Es esa torre del tiempo primordial y altar del terror lo que César se propone derribar, un propósito que descubre soldados que obedecen antes a sus prejuicios que a su jefe, que inhibe las órdenes hasta convertirlas en inacción; y que, al tiempo, siembra el regocijo en el pecho del enemigo, carcomido igualmente por la superstición, cuya mente asocia la impiedad al castigo directo del impío por la divinidad.
La parálisis atenaza las manos de sus hombres, convencidos de que las hachas poseen poderes que las volverán contra ellos si obedecen las órdenes, y es entonces cuando de nuevo César, que sabe que todo río se puede atravesar dos veces, vuelve a cruzar el Rubicón y, hacha en mano, hiere a un tiempo los árboles y el terror ebrio de superstición de la tropa, tan inmortal como el bosque o los dioses y el miedo que suscitan.
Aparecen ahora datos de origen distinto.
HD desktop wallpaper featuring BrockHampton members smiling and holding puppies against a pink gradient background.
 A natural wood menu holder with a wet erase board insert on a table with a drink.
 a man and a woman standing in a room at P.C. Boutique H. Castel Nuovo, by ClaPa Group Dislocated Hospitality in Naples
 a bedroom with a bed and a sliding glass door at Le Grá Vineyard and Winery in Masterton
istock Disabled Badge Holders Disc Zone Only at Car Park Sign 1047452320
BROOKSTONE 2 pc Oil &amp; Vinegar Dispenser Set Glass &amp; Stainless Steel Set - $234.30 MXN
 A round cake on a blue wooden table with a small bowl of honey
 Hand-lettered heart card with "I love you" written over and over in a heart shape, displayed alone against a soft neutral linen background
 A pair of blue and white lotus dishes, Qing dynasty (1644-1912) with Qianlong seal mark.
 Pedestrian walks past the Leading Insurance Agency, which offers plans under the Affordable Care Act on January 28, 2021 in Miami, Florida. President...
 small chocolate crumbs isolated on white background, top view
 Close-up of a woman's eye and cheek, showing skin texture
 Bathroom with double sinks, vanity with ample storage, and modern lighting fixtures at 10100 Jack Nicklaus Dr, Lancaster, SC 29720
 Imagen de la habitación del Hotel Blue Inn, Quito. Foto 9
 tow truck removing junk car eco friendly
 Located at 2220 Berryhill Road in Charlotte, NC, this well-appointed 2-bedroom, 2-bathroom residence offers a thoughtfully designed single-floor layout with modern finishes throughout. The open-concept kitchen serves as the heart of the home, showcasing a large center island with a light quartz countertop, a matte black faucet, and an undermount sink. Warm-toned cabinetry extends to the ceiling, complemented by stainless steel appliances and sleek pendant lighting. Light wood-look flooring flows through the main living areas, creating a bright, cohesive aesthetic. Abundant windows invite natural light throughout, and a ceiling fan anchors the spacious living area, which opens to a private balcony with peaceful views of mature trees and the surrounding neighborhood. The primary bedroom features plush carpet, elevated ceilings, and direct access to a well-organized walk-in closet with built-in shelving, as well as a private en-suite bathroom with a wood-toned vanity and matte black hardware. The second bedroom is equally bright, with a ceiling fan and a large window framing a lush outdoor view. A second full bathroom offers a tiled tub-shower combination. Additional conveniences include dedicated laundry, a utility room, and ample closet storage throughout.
Caído el primer árbol el espanto se contrae y la fugaz alegría del enemigo se volatiliza al percibir que el hereje queda sin el premio del castigo; así como los atenienses empiezan a descreer, atónitos ante el espectáculo de que el altruismo es culpable, de que mueren antes quienes practican la virtud de cuidar al enfermo que quienes la rechazan, que la moral o los dioses no son nada frente a una advenedizo natural que pasaba por allí y somete el cuerpo y el alma a torturas cuyo límite es la muerte, y que la peor herencia es una vida que la sobrevive, ahora romanos y no romanos descubren al unísono que César es más poderoso que divinidades y leyes, que su voluntad los ridiculiza como su poder acaba de golpe con una dantesca tiranía de siglos: la de los personajes con que el pánico a los dioses, contra el que clamara Epicuro, poblaba el corazón de espíritus.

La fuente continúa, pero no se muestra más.